Malgré les affirmations de l'opposition, cette élection n'avait rien à voir avec le communisme ou la lutte des classes, du moins dans le sens où nous l'entendons. Le discours de victoire de Mme Sheinbaum était conciliant.

Bien qu'elle ait reconnu l'opposition vigoureuse de certains secteurs de la société, elle a apporté un message de « paix et d'harmonie » et la promesse de poursuivre le voyage vers un « Mexique juste et prospère ».

Indépendamment de l'éthique ou de l'efficacité d'une telle approche, c'est dans ce domaine que beaucoup considèrent que Mme Sheinbaum est susceptible de suivre sa propre voie.

En tant que climatologue, elle est douloureusement consciente de ce que le changement climatique apportera au Mexique, ainsi qu'à l'ensemble des pays du Sud.

Ses projets pour Pemex, la compagnie pétrolière d'État, lourde mais fondamentale sur le plan patrimonial, sont ambitieux.

Plutôt que le bradage proposé par l'opposition, Mme Sheinbaum souhaite superviser le passage à l'énergie verte, au bénéfice de l'État et de l'ensemble de la population.

Relations extérieures

Il est difficile de savoir ce que la victoire de Morena pourrait signifier pour les relations extérieures du Mexique. Sous López Obrador, le Mexique s'est largement tourné vers l'intérieur et, compte tenu des batailles politiques à venir - en particulier si des amendements constitutionnels sont prévus -, il est probable que cette tendance se poursuive.

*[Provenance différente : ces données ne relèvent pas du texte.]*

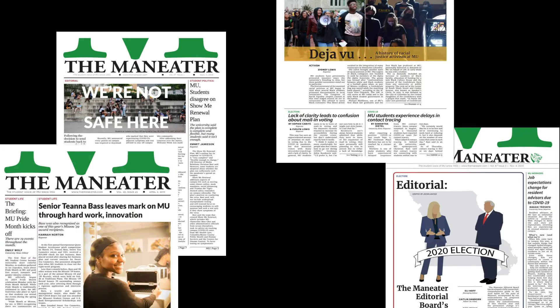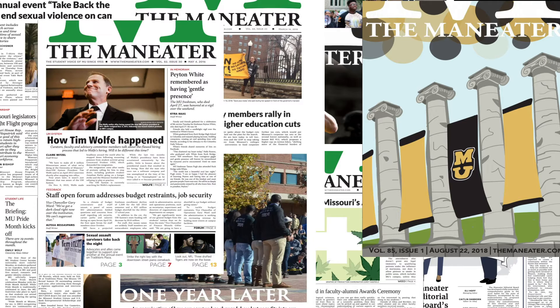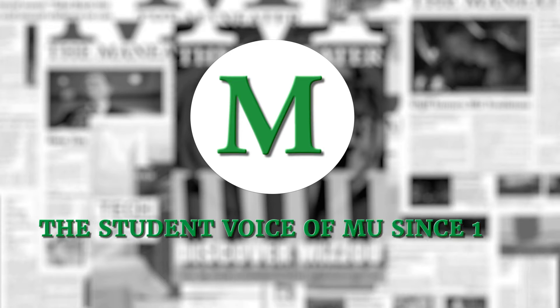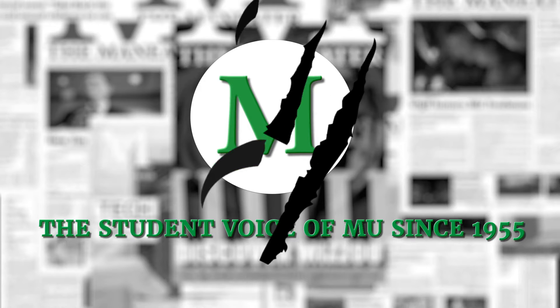Hi, I'm Ava Horton and I'm the Graphics Editor. The Graphics section makes visuals for the articles, which includes illustration, graphs, infographics — anything that can be done with a picture, we do in the Graphics section.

Toutefois, M. Sheinbaum pourrait chercher à placer le Mexique dans le cadre de conversations et d'alliances régionales plus larges. Cela fait bien 75 ans que le Mexique ne s'est pas considéré (du moins au niveau gouvernemental) comme un pays plus latino-américain que nord-américain.

Même López Obrador s'est montré assez réticent à l'égard des initiatives régionales. Vers la fin de sa présidence, cependant, il s'est joint à la Colombie et au Chili pour s'opposer à la guerre d'Israël contre Gaza.

Si la stabilité intérieure peut offrir à M. Sheinbaum une certaine marge de manœuvre, ce serait à l'avantage mutuel du Mexique et du reste de l'Amérique latine.

Le Guatemala, le Brésil, la Colombie et le Chili (entre autres) sont tous dans la zone politique du Mexique, et face à une extrême droite organisée et quelque peu millénariste, des alliés régionaux seraient très bénéfiques.

Cela nous amène à la relation avec les États-Unis, où beaucoup dépend du résultat des élections de novembre. AMLO n'a pas été intimidé par Trump, mais il n'a pas non plus particulièrement insisté sur la politique migratoire.

Cependant, Trump - en tant que raciste et sexiste - pourrait ne pas vouloir traiter avec Sheinbaum sur un pied d'égalité. L'immigration a tellement envahi la sphère politique du « colosse du Nord » que Biden pourrait agir d'une manière fonctionnellement similaire.

L'Amérique latine génère environ 7 % du PIB mondial, mais je doute qu'elle occupe ne serait-ce que 1 % de la bande passante mondiale. À eux deux, le Brésil et le Mexique sont économiquement équivalents à l'Inde.

Si l'Amérique latine commençait à agir de concert - et le Mexique est un élément crucial à cet égard - la nouvelle réalité multipolaire serait une chance pour la région, et non un obstacle de plus.

William A. Booth est maître de conférences en histoire de l'Amérique latine à l'University College de Londres. Il termine actuellement un livre sur la gauche en Amérique latine au début de la guerre froide. Il s'agit d'opinions personnelles qui ne reflètent pas celles de l'université ou de son département.